Signing Up A Storm

About the sign language interpreter for the NYC mayor's updates:

Many people commenting on Ms. Callis’ interpreting seemed unaware how integral facial expression is to ASL. Just as those of us who hear take cues from tone of voice and inflection, those who are Deaf (and there’s a big distinction between Deaf with a capital ‘D” and “deaf”) take cues from facial expression. Facial expressions are a grammatical aspect of the language and can relay more information than the signs themselves. Many hearing people appeared to mistake her animated signing as being theatrical or over the top, when in reality she’s simply conveying the emotional tone of what’s being discussed.

Now imagine doing a four-year degree in computer science where every class, CS or not, is translated by an ASL interpreter - someone is explaining file system directory structures, and hash tables, and MIMD vs SIMD multiprocessing, or physics, or discrete math with English words, while another person is signing them. That's what RIT students, of all degrees, get. Or did... this was a long time ago...

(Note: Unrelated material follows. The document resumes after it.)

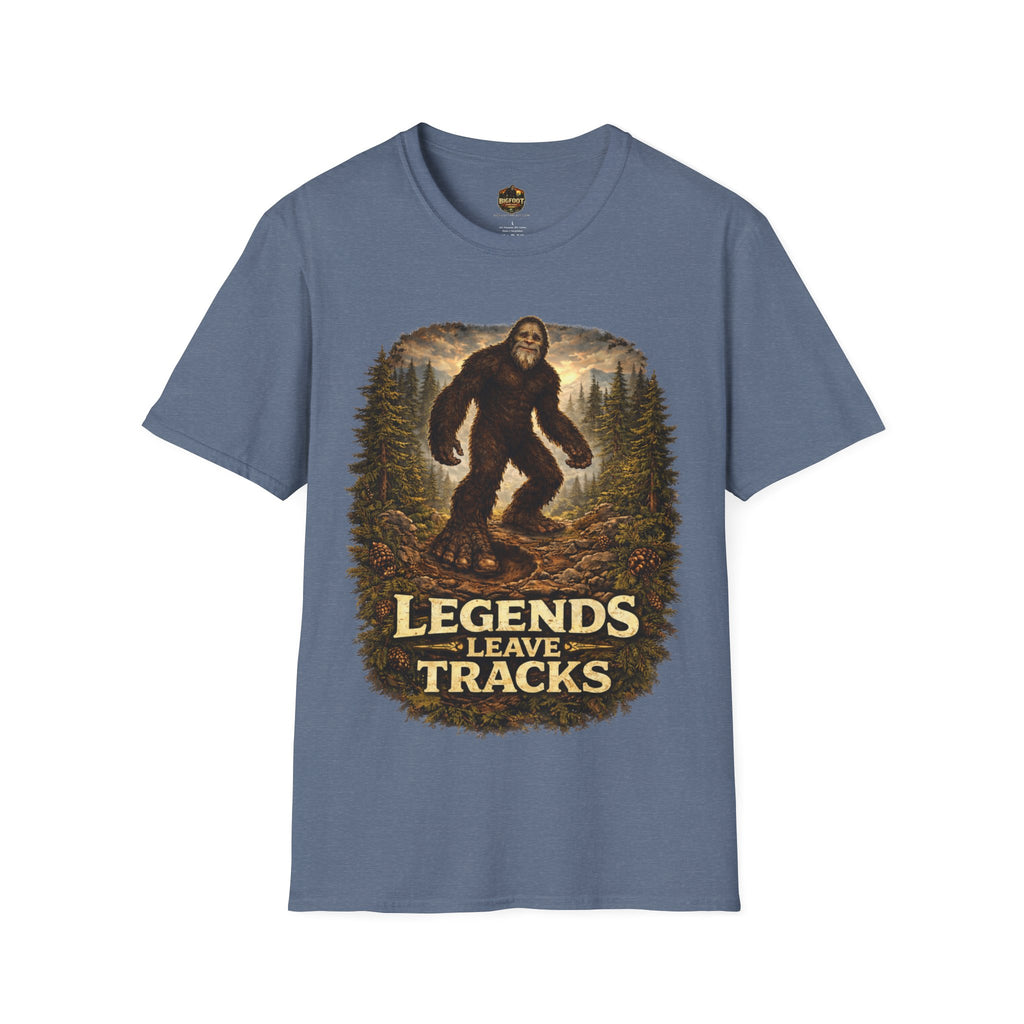 Legends Leave Tracks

It was kindof wild, for someone like me, who had never been exposed to deaf culture before. I could pass time in class, when I wasn't passed out asleep, trying to figure out how ASL works. That heightened emotional vibe is eye-popping at first, but you figure out what it's doing eventually. I never really got ASL as a language, but the isolated signs usually made perfect sense in context - the signs seemed like obvious matches to the words and phrases that the lecturer was speaking. All I remember these days are the novelty signs : bullshit, tea, tree, fish. pussy) I should have learned it all.

Mrs. lived in the deaf dorms, so was far more exposed to the culture. She knows a lot more ASL than I do.